[Short descriptive text snippets]
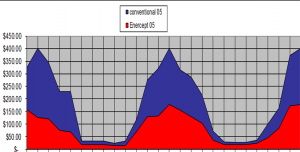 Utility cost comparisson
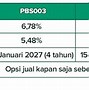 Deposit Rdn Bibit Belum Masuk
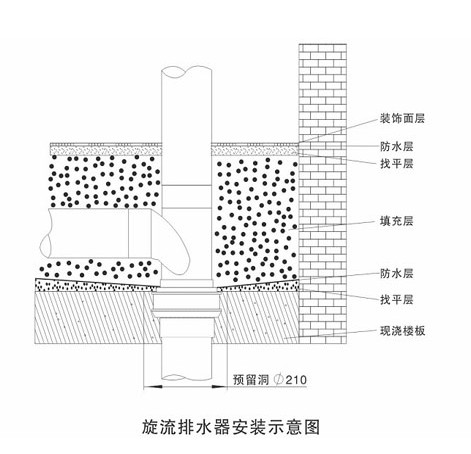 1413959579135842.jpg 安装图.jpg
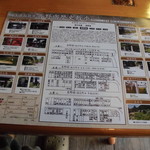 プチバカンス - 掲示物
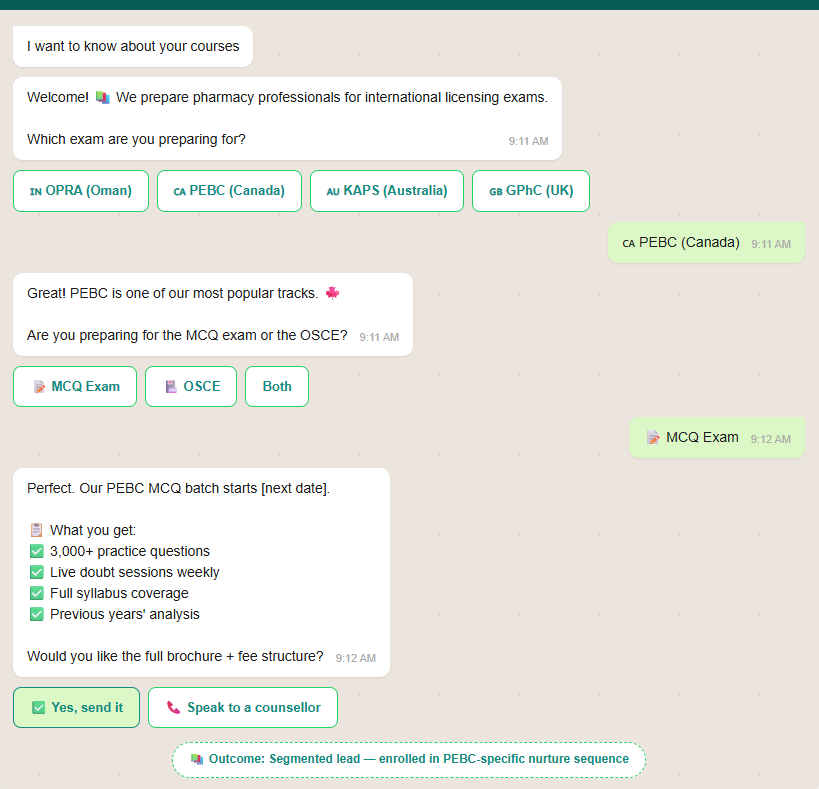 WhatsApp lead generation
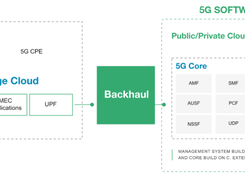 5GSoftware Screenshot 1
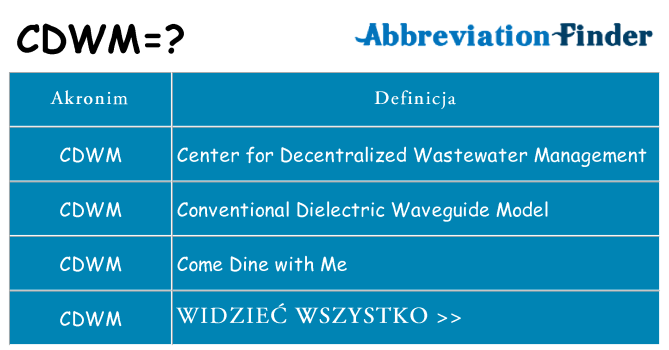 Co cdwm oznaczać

Problem details: Write out each entry exactly as given, omitting any picture.

Completed exercise:
 Utility cost comparisson
 Deposit Rdn Bibit Belum Masuk
 1413959579135842.jpg 安装图.jpg
 プチバカンス - 掲示物
 WhatsApp lead generation
 5GSoftware Screenshot 1
 Co cdwm oznaczać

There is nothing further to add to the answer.